Despite its largely flat, neutral tuning, the JM21 never comes across as sterile or robotic. There is enough body and tonal weight to keep music sounding human rather than processed. On “Feeling Good” by Nina Simone, her vocal carries real heft and authority, sitting front and center with a natural sense of scale. The brass section has proper bite and presence, with trumpets cutting through cleanly and trombones sounding full and weighty rather than thin or splashy. The JM21 keeps these elements in balance, letting the track breathe without smoothing away its character.

That said, the JM21 is not a technical showpiece. Transient snap and large scale dynamics are a bit restrained compared to some similarly priced dongle DACs, which can sound more immediate and energetic in direct comparison. There is a trade off here, however. Those dongles do not give you a full Android experience, onboard storage, or a proper touchscreen interface. Viewed in that context, the JM21’s performance makes more sense. You are trading a bit of outright technical bite for versatility, convenience, and an all in one listening experience that dongles simply cannot offer.
Soundstage and imaging are fairly average, with limited spatial placement. Detail retrieval is solid, however. On “Chocolate Chip Trip” by TOOL, the JM21 still revealed subtle percussive hits and low level effects that many devices gloss over. The issue is scale. The track’s complex spatial placement and sense of movement felt flattened compared to higher quality sources. Everything was audible, but the presentation lacked the depth and dimensionality that make this track truly jaw dropping.

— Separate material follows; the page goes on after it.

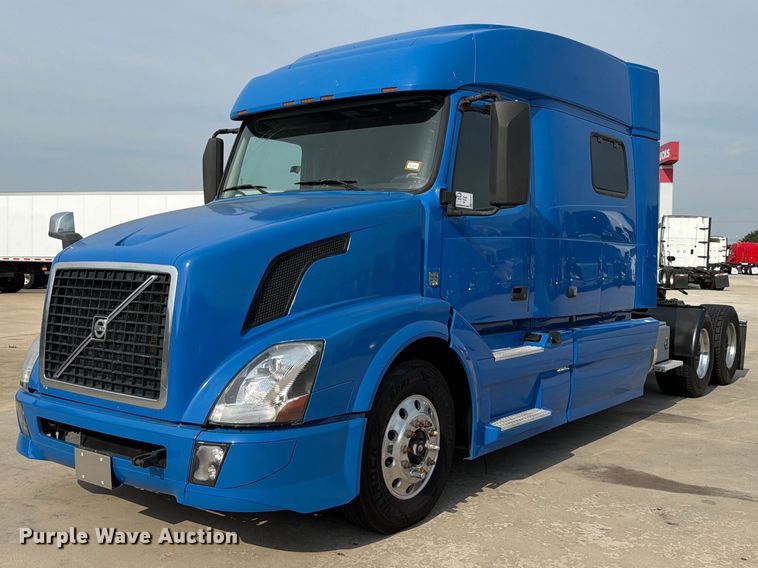 image for item ED5227 2013 Volvo VNL 730 semi truck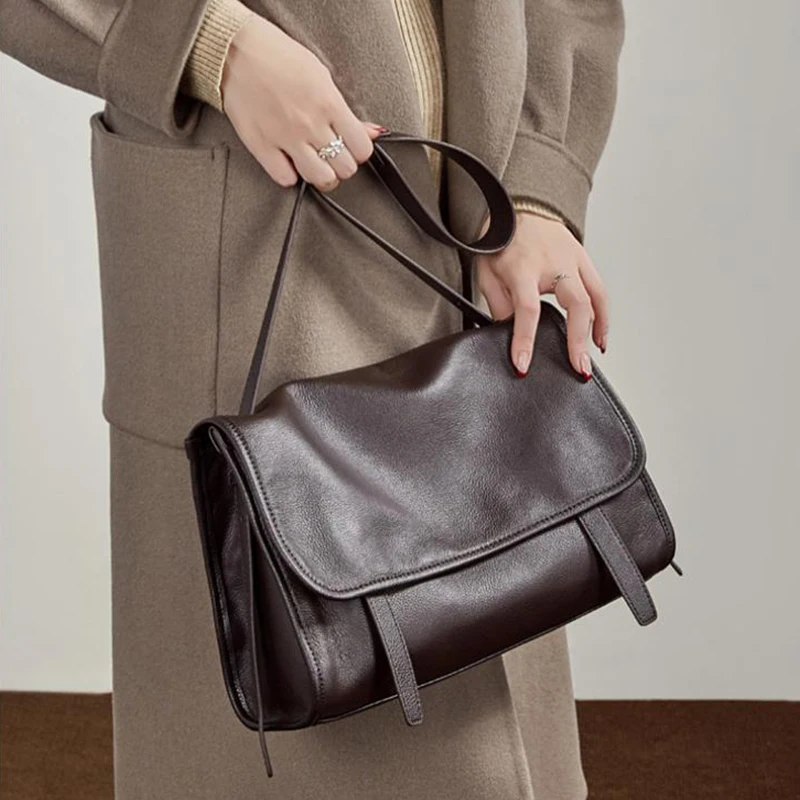 Women's Luxury Shoulder Bag Vintage Genuine Leather Handbag Flap Crossbody Bag Solid Color Simple Large Capacity Briefcase
Women's Luxury Shoulder Bag Vintage Genuine Leather Handbag Flap Crossbody Bag Solid Color Simple Large Capacity Briefcase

I did not have any similarly priced DAPs on hand, but I did compare the JM21 to the $500 Shanling M3 Plus. In terms of overall detail retrieval and tonal balance, the JM21 more than held its own. The differences came down to refinement. The Shanling sounded slightly more natural in timbre and more convincing dynamically, pulling ahead by a small but noticeable margin rather than a night and day difference.

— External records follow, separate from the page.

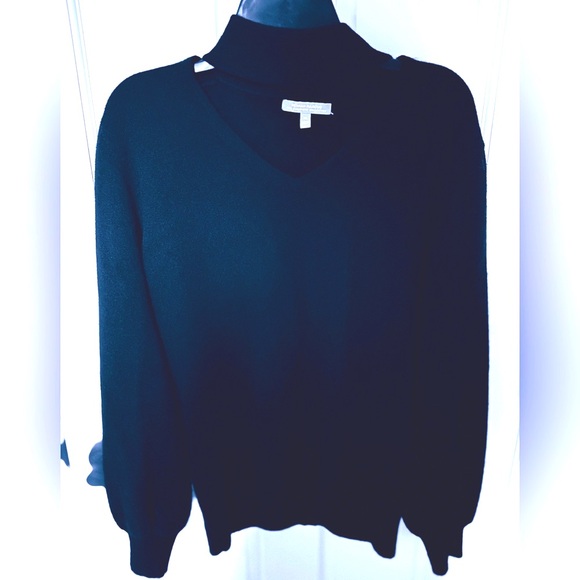 Neiman Marcus Sexy Black Cashmere Cutout Collar Sweater — Super Flattering! - Picture 2 of 3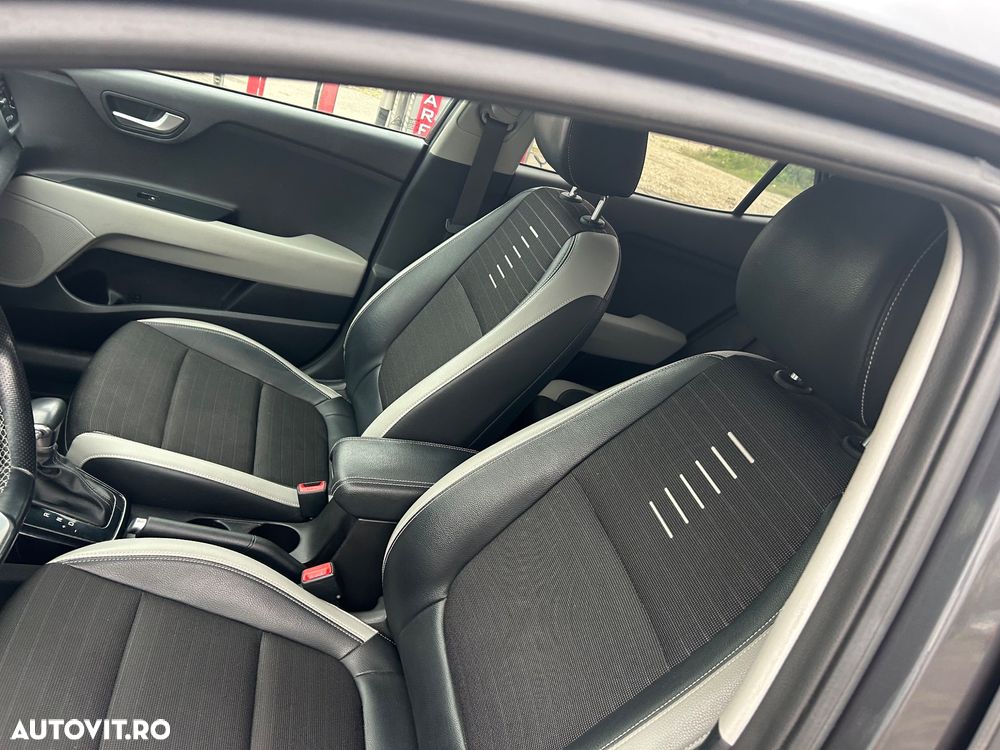 Kia Stonic 1.0 T-GDI 7DCT HP MHEV Trend - 12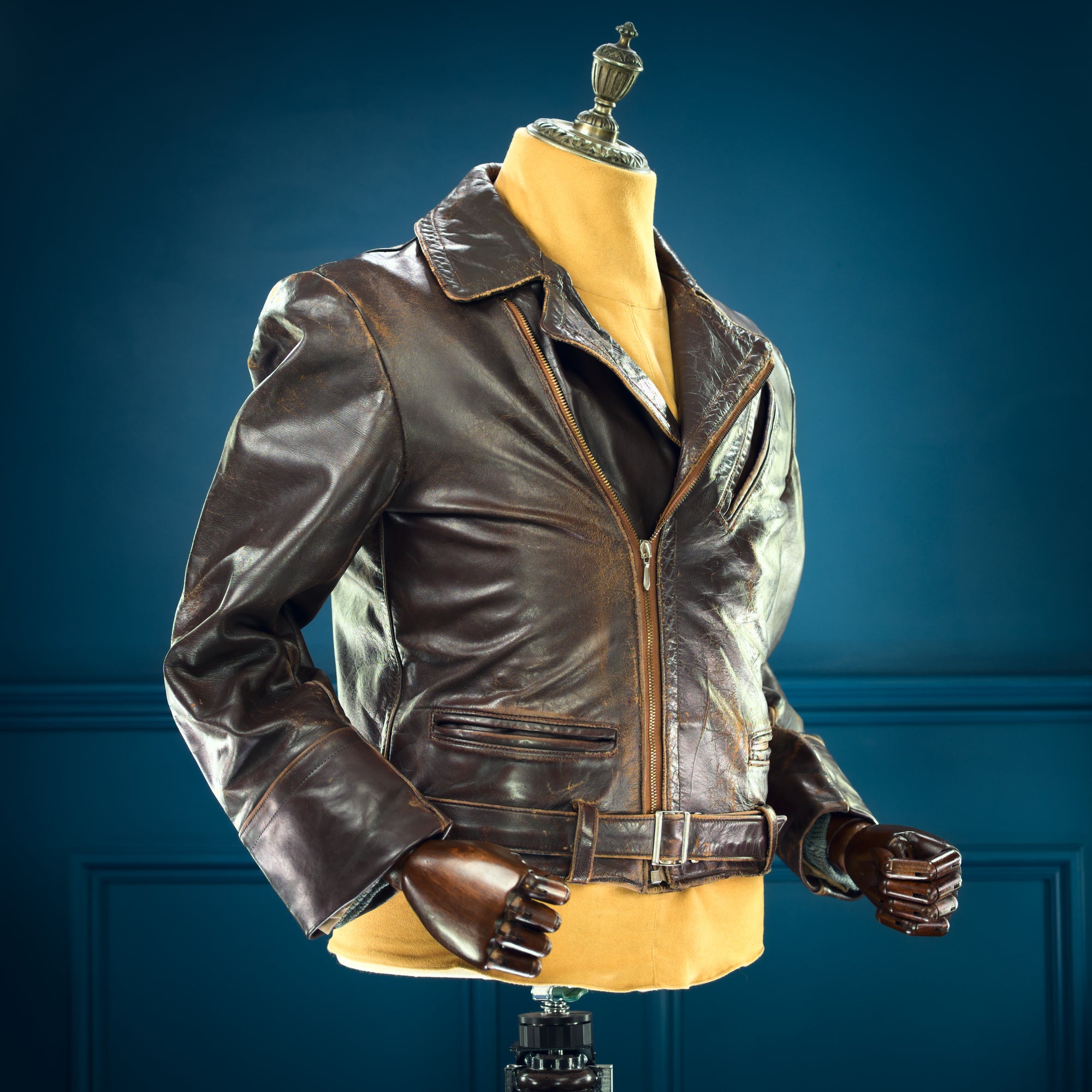 Vintage 1950s West German Calfskin Aviator Flight Biker Rider Leather Jacket “S”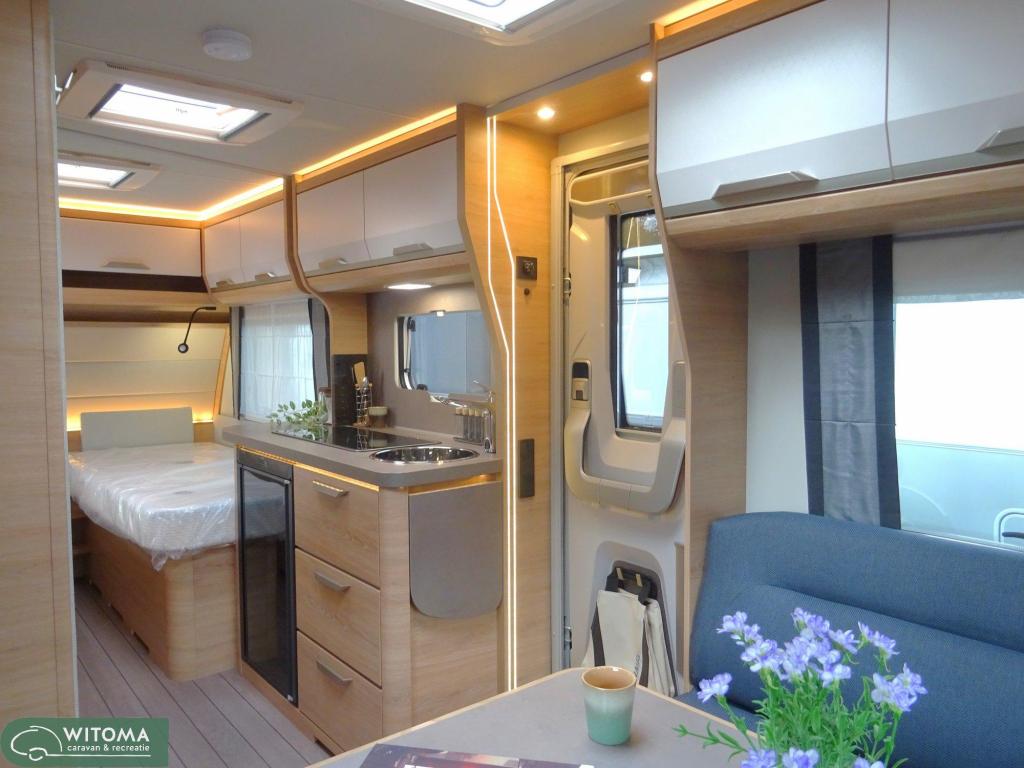 Knaus Sudwind Black Selection 500 EU 50 jaar Witoma voordeel, Caravans en Kamperen, Rondzit, Bedrijf, Schokbreker, 5 tot 6 meter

700 mW is a heck of a lot of power for a sub-$200 device, and that kind of headroom proves useful when driving harder-to-run over-ear headphones like the HE1000 Unveiled. Just do not expect it to unlock the full potential of notoriously demanding models such as the HiFiMAN HE6se V2 or Modhouse Tungsten.
Furthermore, the JM21 doesn’t use tube amplification nor does it contain an R2R DAC, so it won’t do much to tame treble peaks on troublesome headphones. For that reason, the DT880 Edition 600 Ohm was quickly put to one side for the rest of the review process, as it can sound quite harsh on many solid-state devices.

The Bottom Line
The FiiO JM21 is not a giant killer, but it is a smartly engineered reality check. It has ample output power for the money, a clean and neutral sound, excellent versatility with full Android, strong connectivity, and hardware choices that feel deliberate rather than cheap. And it will comfortably drive the vast majority of headphones people actually own.
The trade offs are just as clear. Technical performance is competent rather than exciting, with average dynamics, soundstage, and spatial placement. It will not soften treble heavy headphones, nor will it extract the last ounce of performance from notoriously power hungry or temperamental designs. If you are chasing holographic imaging or tube like warmth, this is not the DAP for you.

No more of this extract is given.